Il est donc fondamental de pouvoir mieux situer ces dommages (c’est-à-dire quelles sont les positions nucléotidiques) et mieux savoir à quelle vitesse ils sont réparés pour comprendre leur implication dans la transformation maligne des cellules. La technologie LMPCR (ligation-mediated PCR ou réaction de polymérisation en chaîne où intervient la liaison d’un adaptateur) permet de scruter ces deux paramètres. La technologie LMPCR n’est capable de mettre en évidence qu’un seul type de dommages : les cassures monocaténaires qui ne touchent qu’un seul brin de l’ADN ; il existe cependant des moyens enzymatiques ou chimiques de transformer d’autres types de dommages en cassures et ainsi élargir la gamme de lésions susceptibles d’être explorées (Figures 2 et 3).

thumbnail Figure 2.

Représentation schématique de la technique LMPCR. La technique LMPCR permet d’étudier les cassures monocaténaires (une cassure sur un seul des 2 brins d’ADN). Certains agents lésionnels provoquent des cassures monocaténaires directement. Cependant, comme l’illustre le schéma, la majorité des dommages à l’ADN doivent être convertis de façon enzymatique ou chimique en cassure monocaténaire possédant un phosphate à son extrémité 5’. Les étapes de la technique sont les suivantes. Une extension est réalisée à partir d’une amorce spécifique du gène choisi (amorce 1) et s’arrête à la première cassure rencontrée qui correspond au lieu du dommage initial. L’amorce spécifique offre l’avantage d’un premier degré de spécificité à la technique. Cette première extension d’amorce produit un bout franc sur lequel on vient lier un adaptateur.
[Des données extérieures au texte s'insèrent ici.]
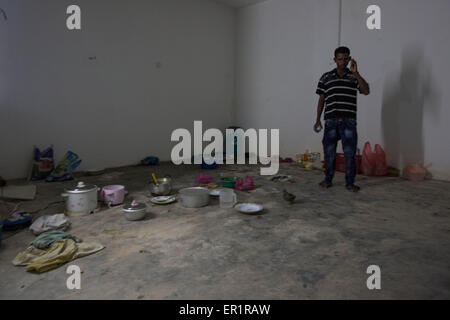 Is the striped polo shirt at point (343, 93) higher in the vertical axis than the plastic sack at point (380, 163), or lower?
higher

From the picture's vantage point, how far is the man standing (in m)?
3.29

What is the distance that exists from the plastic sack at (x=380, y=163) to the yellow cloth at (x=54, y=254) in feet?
11.4

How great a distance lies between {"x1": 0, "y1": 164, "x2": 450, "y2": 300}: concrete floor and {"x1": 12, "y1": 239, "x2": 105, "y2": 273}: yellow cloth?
0.05m

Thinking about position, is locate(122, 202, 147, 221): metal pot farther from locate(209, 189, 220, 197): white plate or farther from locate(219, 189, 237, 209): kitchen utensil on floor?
locate(209, 189, 220, 197): white plate

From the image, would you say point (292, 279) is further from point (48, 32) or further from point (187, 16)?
point (187, 16)

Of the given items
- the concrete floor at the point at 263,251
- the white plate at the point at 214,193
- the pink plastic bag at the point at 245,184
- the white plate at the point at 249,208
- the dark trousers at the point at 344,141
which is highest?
the dark trousers at the point at 344,141

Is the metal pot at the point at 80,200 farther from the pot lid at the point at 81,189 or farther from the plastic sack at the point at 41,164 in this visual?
the plastic sack at the point at 41,164

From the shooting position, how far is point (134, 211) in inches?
101

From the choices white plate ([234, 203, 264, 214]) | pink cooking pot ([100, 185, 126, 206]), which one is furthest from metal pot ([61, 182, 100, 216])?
white plate ([234, 203, 264, 214])

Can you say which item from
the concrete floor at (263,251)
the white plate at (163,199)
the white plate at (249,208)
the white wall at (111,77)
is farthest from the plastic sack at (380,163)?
the white wall at (111,77)

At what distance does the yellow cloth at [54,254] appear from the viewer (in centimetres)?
181

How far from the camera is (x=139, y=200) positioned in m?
3.20

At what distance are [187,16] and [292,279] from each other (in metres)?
5.00

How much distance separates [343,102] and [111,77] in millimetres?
3243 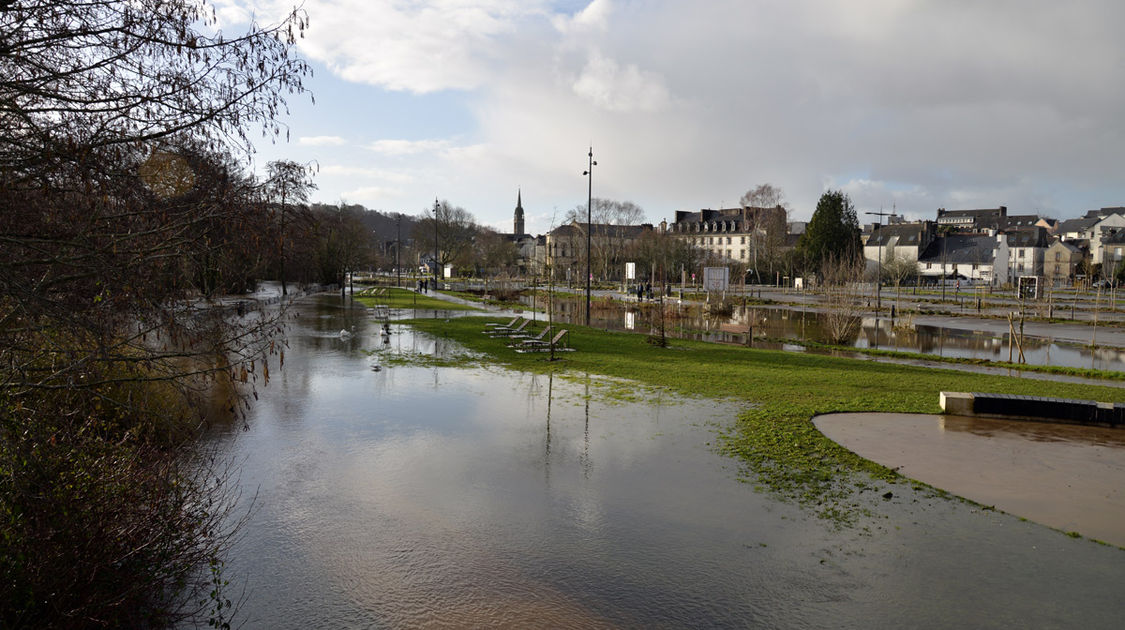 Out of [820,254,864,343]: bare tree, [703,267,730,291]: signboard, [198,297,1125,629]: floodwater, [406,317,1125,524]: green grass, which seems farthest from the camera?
[703,267,730,291]: signboard

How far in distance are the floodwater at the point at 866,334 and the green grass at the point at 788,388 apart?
503 cm

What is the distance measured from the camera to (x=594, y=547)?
6266 millimetres

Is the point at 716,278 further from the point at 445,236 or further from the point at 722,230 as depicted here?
the point at 722,230

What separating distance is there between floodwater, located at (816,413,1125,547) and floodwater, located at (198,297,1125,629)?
0.74m

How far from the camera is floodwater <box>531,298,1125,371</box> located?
21812 millimetres

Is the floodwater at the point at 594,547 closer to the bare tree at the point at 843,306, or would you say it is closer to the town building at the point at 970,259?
the bare tree at the point at 843,306

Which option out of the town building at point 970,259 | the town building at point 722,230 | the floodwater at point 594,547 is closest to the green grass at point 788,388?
the floodwater at point 594,547

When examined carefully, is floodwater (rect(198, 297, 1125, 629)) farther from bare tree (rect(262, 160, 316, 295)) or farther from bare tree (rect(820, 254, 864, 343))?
bare tree (rect(820, 254, 864, 343))

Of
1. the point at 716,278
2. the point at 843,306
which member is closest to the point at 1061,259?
the point at 716,278

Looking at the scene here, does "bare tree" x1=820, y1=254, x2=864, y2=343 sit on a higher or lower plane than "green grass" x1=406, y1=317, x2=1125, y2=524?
higher

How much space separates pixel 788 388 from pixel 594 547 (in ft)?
30.4

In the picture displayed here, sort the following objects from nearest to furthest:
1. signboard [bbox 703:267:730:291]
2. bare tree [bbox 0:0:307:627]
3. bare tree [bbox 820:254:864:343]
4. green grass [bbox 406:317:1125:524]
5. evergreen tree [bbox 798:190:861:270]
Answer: bare tree [bbox 0:0:307:627] < green grass [bbox 406:317:1125:524] < bare tree [bbox 820:254:864:343] < signboard [bbox 703:267:730:291] < evergreen tree [bbox 798:190:861:270]

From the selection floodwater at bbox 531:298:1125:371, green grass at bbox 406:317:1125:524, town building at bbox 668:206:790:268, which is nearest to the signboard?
floodwater at bbox 531:298:1125:371

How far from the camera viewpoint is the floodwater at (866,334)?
859 inches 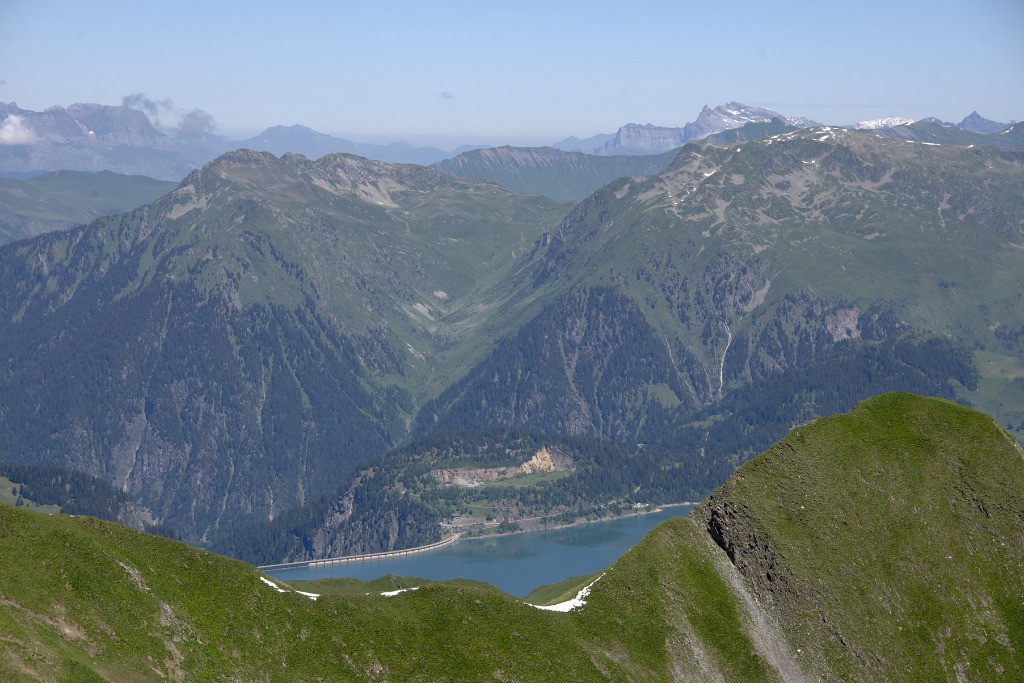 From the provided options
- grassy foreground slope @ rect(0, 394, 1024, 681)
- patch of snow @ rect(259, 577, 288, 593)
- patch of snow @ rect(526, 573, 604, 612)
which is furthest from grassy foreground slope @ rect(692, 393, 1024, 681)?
patch of snow @ rect(259, 577, 288, 593)

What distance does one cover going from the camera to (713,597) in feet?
461

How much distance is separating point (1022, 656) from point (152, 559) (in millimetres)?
94255

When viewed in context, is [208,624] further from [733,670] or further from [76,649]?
[733,670]

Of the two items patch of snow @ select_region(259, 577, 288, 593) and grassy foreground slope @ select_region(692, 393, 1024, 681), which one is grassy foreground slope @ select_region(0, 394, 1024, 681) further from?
patch of snow @ select_region(259, 577, 288, 593)

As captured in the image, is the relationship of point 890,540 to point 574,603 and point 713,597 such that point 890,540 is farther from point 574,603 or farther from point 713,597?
point 574,603

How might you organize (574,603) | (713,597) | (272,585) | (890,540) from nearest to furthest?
(272,585) < (574,603) < (713,597) < (890,540)

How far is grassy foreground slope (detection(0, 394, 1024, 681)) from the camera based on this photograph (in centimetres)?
10250

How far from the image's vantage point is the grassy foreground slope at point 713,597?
336ft

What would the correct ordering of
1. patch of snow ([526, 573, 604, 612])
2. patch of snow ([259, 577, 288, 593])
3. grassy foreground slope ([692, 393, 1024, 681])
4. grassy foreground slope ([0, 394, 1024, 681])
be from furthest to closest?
1. grassy foreground slope ([692, 393, 1024, 681])
2. patch of snow ([526, 573, 604, 612])
3. patch of snow ([259, 577, 288, 593])
4. grassy foreground slope ([0, 394, 1024, 681])

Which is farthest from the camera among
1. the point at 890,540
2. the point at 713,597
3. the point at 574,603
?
the point at 890,540

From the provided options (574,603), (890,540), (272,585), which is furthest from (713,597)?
(272,585)

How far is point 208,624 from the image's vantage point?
106688 millimetres

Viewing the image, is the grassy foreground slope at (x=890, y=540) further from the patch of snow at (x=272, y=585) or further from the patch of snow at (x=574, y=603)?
the patch of snow at (x=272, y=585)

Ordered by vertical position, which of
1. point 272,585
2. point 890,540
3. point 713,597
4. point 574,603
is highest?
point 272,585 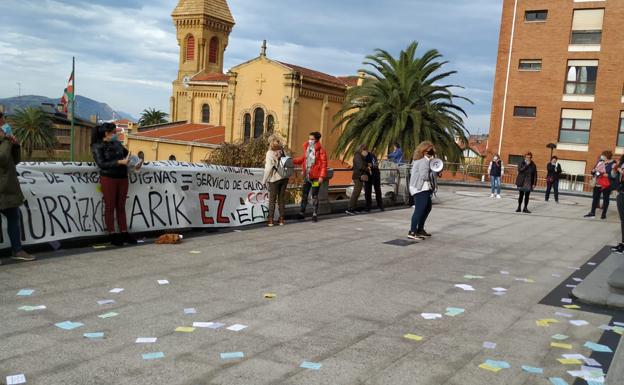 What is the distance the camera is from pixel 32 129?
263 feet

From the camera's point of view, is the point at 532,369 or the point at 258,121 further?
the point at 258,121

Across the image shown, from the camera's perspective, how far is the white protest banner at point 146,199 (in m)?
7.58

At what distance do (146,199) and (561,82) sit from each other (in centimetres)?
3840

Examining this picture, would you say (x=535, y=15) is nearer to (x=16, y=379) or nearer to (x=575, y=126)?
(x=575, y=126)

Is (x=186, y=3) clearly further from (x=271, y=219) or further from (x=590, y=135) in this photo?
(x=271, y=219)

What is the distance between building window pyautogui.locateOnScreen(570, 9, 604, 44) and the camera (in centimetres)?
3894

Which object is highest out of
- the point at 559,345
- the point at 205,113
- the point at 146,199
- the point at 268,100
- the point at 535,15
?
the point at 535,15

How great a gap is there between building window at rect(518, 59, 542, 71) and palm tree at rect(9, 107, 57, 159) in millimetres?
68307

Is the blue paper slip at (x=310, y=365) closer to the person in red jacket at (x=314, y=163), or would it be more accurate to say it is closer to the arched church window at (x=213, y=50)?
the person in red jacket at (x=314, y=163)

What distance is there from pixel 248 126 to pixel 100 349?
5421 cm

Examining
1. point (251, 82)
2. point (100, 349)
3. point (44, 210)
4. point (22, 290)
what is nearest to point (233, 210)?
point (44, 210)

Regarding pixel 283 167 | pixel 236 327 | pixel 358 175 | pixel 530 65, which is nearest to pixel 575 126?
pixel 530 65

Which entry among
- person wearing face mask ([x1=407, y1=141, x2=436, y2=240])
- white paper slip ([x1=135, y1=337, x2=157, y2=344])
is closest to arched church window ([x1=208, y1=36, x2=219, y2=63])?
person wearing face mask ([x1=407, y1=141, x2=436, y2=240])

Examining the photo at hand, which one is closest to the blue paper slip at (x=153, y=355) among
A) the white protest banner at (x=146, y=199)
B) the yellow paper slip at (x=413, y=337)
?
the yellow paper slip at (x=413, y=337)
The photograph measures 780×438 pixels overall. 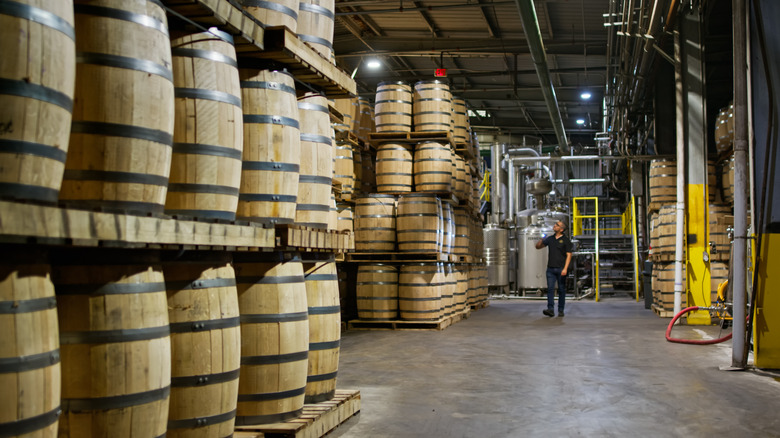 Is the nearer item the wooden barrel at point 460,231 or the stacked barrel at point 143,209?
the stacked barrel at point 143,209

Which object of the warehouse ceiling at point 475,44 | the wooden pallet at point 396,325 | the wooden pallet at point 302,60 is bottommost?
the wooden pallet at point 396,325

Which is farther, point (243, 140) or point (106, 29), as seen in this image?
point (243, 140)

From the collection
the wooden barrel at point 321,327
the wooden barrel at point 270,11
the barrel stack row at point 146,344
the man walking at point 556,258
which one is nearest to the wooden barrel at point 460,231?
the man walking at point 556,258

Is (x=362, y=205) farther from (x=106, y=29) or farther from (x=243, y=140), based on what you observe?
(x=106, y=29)

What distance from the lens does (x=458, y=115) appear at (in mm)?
12953

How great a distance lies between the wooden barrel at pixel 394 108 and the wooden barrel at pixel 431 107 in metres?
0.15

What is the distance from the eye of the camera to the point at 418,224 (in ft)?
35.8

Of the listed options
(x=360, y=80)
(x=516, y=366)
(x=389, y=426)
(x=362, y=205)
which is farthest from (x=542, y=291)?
(x=389, y=426)

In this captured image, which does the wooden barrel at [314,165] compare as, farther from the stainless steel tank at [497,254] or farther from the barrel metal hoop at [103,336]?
the stainless steel tank at [497,254]

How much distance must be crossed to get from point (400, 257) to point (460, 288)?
2.58 meters

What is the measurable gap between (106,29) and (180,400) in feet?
5.68

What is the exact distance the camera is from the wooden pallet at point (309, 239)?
404cm

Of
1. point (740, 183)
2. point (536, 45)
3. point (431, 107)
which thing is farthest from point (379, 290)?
point (740, 183)

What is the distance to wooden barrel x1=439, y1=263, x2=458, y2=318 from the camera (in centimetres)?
1159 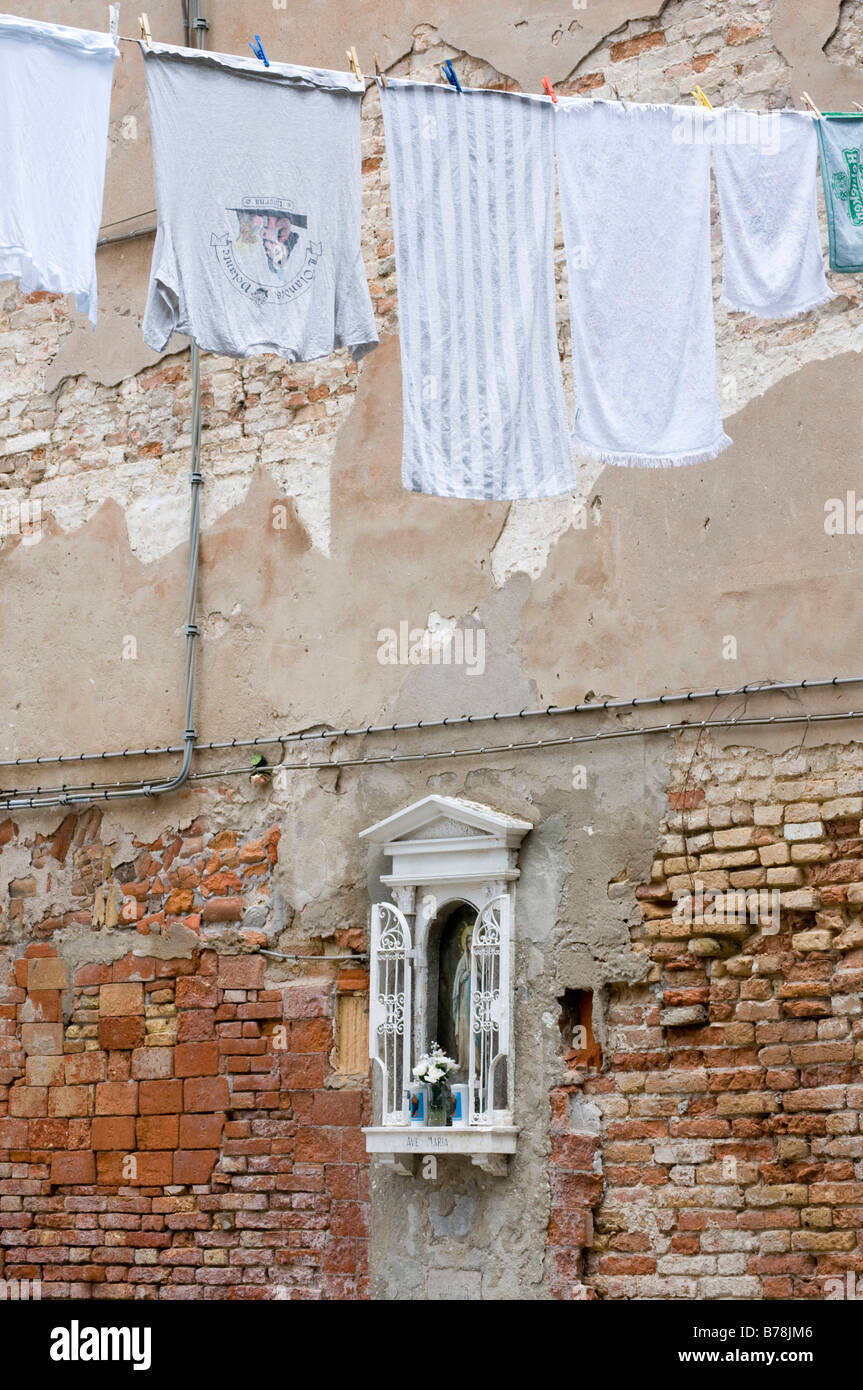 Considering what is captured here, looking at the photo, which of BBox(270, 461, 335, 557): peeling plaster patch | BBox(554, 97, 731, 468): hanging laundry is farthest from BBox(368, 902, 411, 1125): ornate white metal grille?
BBox(554, 97, 731, 468): hanging laundry

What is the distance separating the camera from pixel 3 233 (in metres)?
5.73

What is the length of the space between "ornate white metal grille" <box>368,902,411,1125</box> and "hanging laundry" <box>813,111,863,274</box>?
2.94 meters

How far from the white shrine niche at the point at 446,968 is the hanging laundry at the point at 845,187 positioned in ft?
7.78

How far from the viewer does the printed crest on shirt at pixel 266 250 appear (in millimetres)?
6031

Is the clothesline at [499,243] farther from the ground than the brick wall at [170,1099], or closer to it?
farther from the ground

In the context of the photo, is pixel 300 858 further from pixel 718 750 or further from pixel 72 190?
pixel 72 190

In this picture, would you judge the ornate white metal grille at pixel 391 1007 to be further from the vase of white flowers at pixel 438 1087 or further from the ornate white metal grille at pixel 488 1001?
the ornate white metal grille at pixel 488 1001

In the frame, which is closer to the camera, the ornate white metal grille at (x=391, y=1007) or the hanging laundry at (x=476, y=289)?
the hanging laundry at (x=476, y=289)

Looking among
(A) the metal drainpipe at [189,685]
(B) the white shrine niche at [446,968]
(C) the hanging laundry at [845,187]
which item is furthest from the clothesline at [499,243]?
(A) the metal drainpipe at [189,685]

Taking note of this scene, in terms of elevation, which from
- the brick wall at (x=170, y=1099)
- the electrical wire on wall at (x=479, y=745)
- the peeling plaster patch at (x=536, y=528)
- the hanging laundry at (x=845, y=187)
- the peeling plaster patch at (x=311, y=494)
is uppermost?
the hanging laundry at (x=845, y=187)

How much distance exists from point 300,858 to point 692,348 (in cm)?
273

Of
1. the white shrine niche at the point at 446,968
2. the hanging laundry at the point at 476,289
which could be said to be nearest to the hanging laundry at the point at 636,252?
the hanging laundry at the point at 476,289

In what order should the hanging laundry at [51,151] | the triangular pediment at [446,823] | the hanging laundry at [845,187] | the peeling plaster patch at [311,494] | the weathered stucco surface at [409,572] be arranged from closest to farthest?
the hanging laundry at [51,151] < the hanging laundry at [845,187] < the weathered stucco surface at [409,572] < the triangular pediment at [446,823] < the peeling plaster patch at [311,494]

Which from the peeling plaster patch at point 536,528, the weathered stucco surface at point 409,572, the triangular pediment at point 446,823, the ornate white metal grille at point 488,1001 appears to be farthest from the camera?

Il en résulte des fragments d’ADN dont les deux extrémités sont connues et qu’on peut alors amplifier par PCR avec une amorce correspondant à l’adaptateur et une seconde amorce spécifique du gène étudié (amorce 2). Cette seconde amorce est choisie légèrement en aval de la première afin de donner un deuxième degré de spécificité à la technique. Les produits PCR ainsi obtenus comptent une taille et une quantité qui dépendent respectivement de la position nucléotidique des dommages de départ et de leur fréquence initiale à chaque position donnée. Une migration dans un gel d’acrylamide suivie d’un électro-transfert sur une membrane de nylon puis d’une hybridation avec une sonde spécifique radioactive permettent de visualiser l’ensemble des produits PCR.

thumbnail Figure 3.

Dommages à l’ADN examinés par LMPCR. Dommages fréquents à l’ADN consécutifs à une exposition (A)aux UV, (B)au BPDE, (C)à l’AFB1 ou (D)à un analogue de la NNK et qui ont pu être examinés à l’aide de la technologie LMPCR. La modification provoquée par l’agent génotoxique est indiquée en rouge et le mode de conversion du dommage en cassures monocaténaires pour son étude avec la technologie LMPCR est indiqué entre parenthèses.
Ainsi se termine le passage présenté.